Abbiamo perciò intrapreso la strada, forse poco usuale per un’Amministrazione pubblica, di commissionare lo sviluppo della soluzione ad una impresa del nostro territorio che crede fortemente nell’open source e che ha anche scelto di svolgere la funzione di mantainer per il sito di progetto www.cmdbuild.org.
Abbiamo inoltre aggiunto una clausola contrattuale nel contratto che imponeva che il prodotto fosse rilasciato con licenza GPL, affinché fosse riutilizzabile non solo all’interno della Pubblica amministrazione, ma da parte di tutta la comunità internazionale.

Particolarmente interessante il portale web dedicato al progetto. Potrebbe descriverci le strategie e le motivazioni?

Cmdb.org è il portale pensato, come dicevo, per dare visibilità alla soluzione, e diffonderla nell’ottica del riuso. Sul sito sono a disposizione di chiunque fosse interessato tutta la documentazione e tutto il codice sorgente, oltre, naturalmente ai nostri riferimenti e a quelli dei partner che ci hanno accompagnato in questo percorso. È stata una scelta di visibilità che non differisce molto da quella di partecipare attivamente alla comunità open source, i cui sviluppi sono comunque da noi sempre monitorati con grande attenzione.
Inoltre il progetto è stato presentato nel corso dei convegni organizzati da ITSMF Italia, associazione no profit facente parte della comunità internazionale che si occupa di services management in ambito ICT, ed è stato censito, così come diversi altri progetti avviati dal Comune di Udine, presso l’Osservatorio sull’Open Source del CNIPA.

Le potenzialità del sistema sono molto elevate.

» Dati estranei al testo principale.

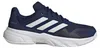 Chaussures Adidas Courtjam Control 3 KJ4362 Voir les images du produit 1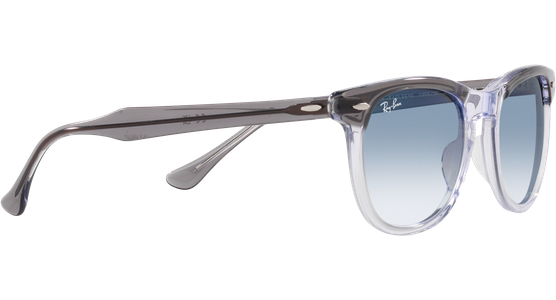 Ray-Ban Eagle Eye RB2398 13553F - Ansicht 11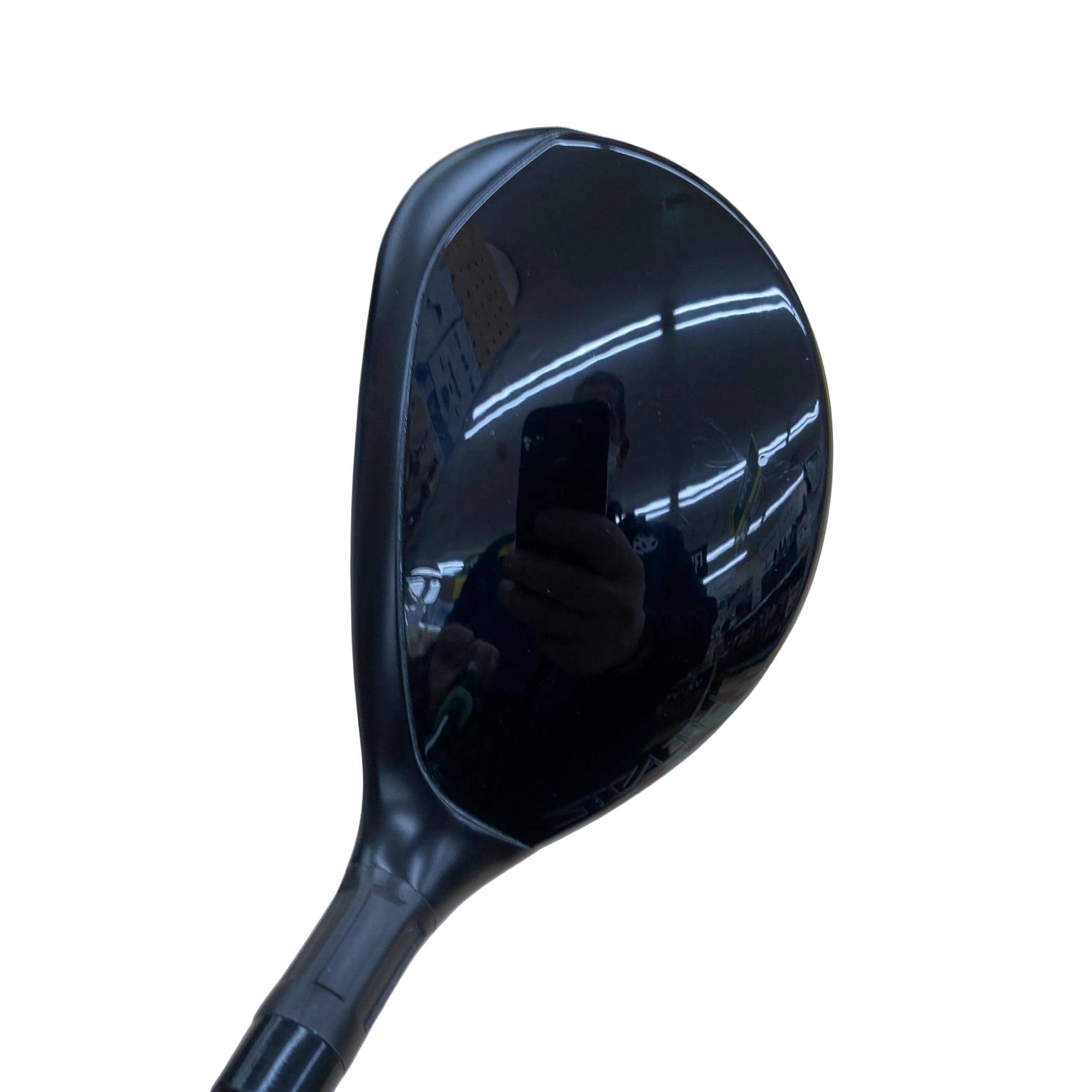 �r�s�d�`�k�s�g�Q�@�g�c�@�t�S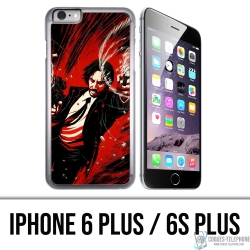 Coque iPhone 6 Plus / 6S...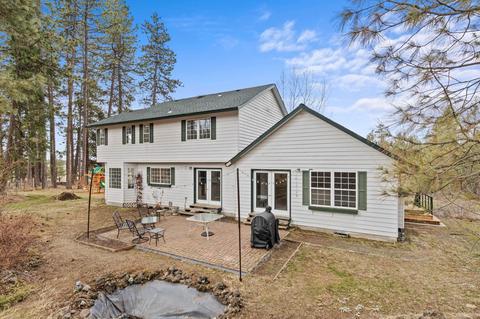 5111 E Russell Rd, Colbert, WA 99005 photo 34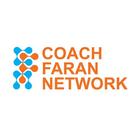 Coach Faran icône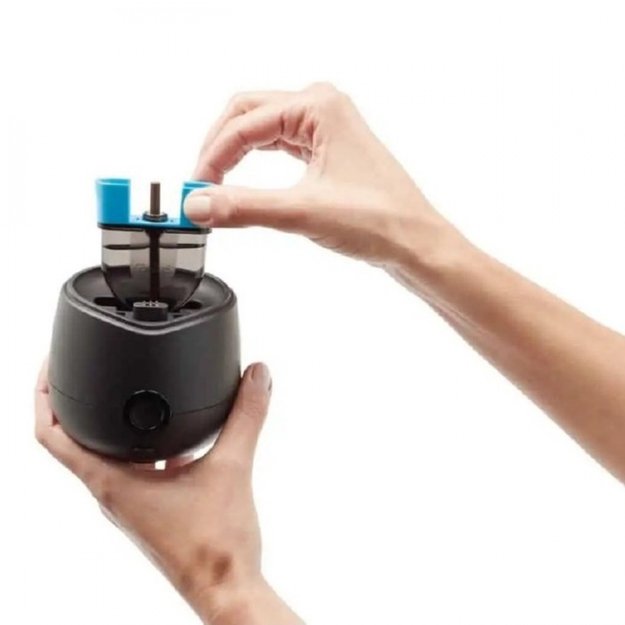 THERMACELL ER140I mosquito device refill for E55XI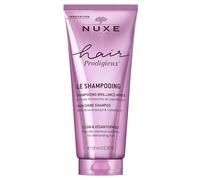 Nuxe Hair care Hair Prodigieux Shine shampoo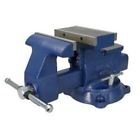 Wil14800 0731325219623 Wilton 8 Vise Wil14800 0731325219623 Wilton 8 Vise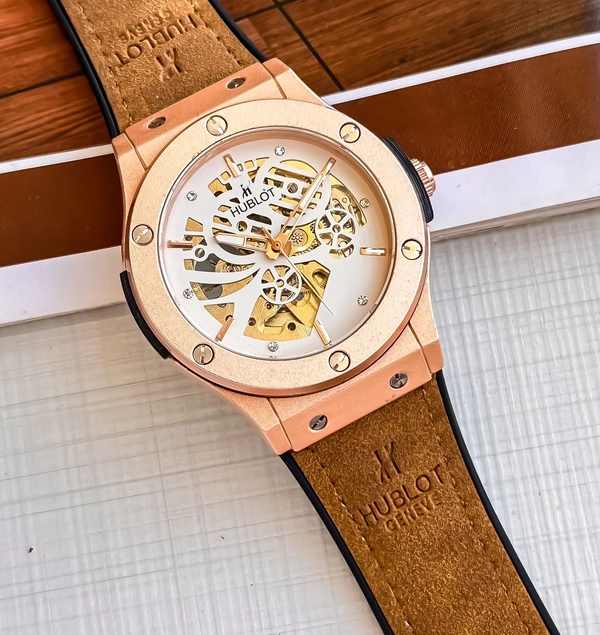 Hublot 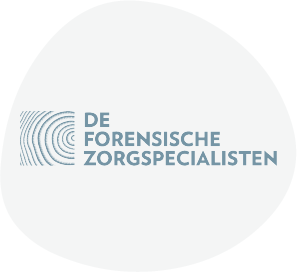 De Forensische Zorgspecialisten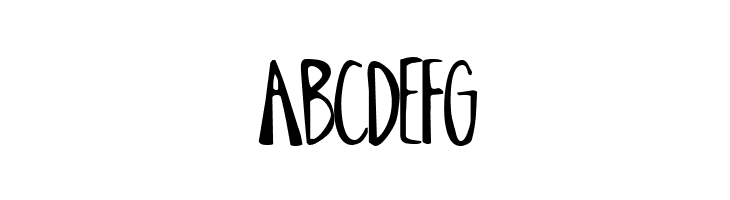 Oxalic  Free Fonts Download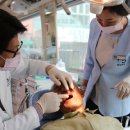 보성치과의원 이미지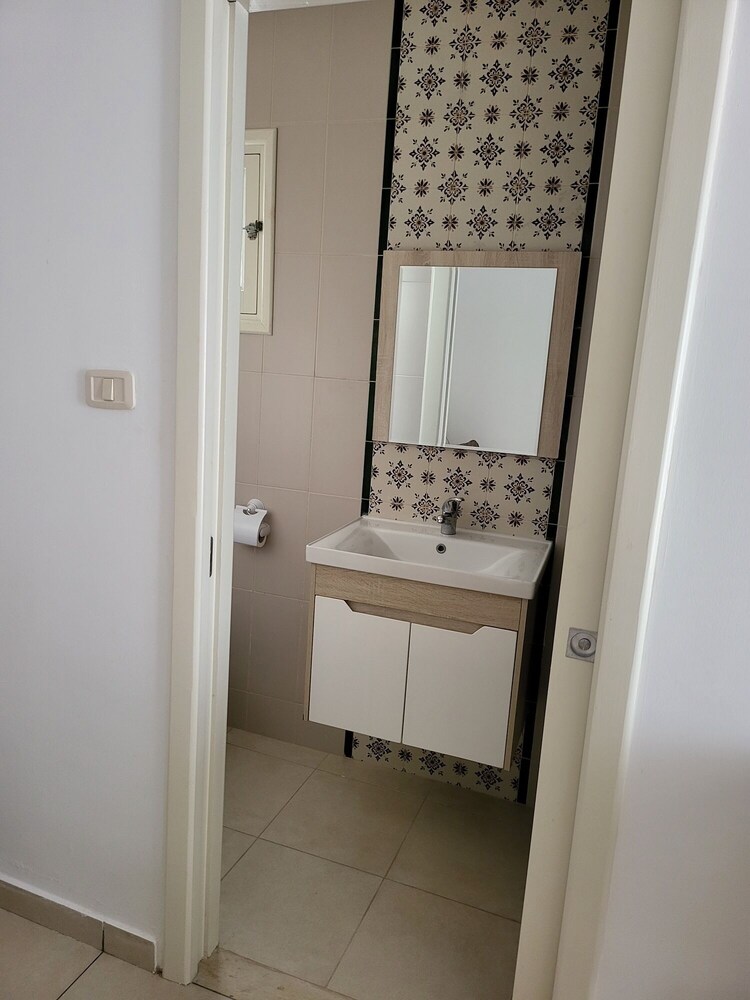 

Bologna - Mahdia - Hotel Dar Al Madina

A che punto è oggi il progetto nel Comune di Udine?

Come dicevo prima ITIL è un progetto essenzialmente rivolto al miglioramento della qualità dei servizi ICT. La realizzazione di CMDB, seppure non sia il cuore del percorso, non è neppure la fase conclusiva, in quanto essa consiste nell’arrivare a "contrattualizzare" adeguati livelli di servizio nei confronti dell’utenza interna ed esterna ai Sistemi Informativi. Ad esempio una volta stabilito che l’ufficio comunale "X" è aperto dalla tal ora alla tal altra, ciò dovrebbe comportare l’erogazione di servizi aventi determinate caratteristiche di consistenza, intensità e qualità. Come si intuisce è un modo per ottimizzare le risorse sia umane che economiche e per orientare l’intera struttura verso livelli di qualità che non siano solamente interni, ma che si riflettano anche sulla missione istituzionale dell’Amministrazione. Solo realizzando tutto ciò si potrà ottenere il risultato di "allineare i servizi ICT al business", da molti a gran voce richiesto alle funzioni Sistemi Informativi di aziende pubbliche e private. Al momento noi non siamo ancora arrivati a questo stadio; l’auspicio è di arrivare ad implementare questi "contratti" con la nostra utenza nel giro di 15-18 mesi.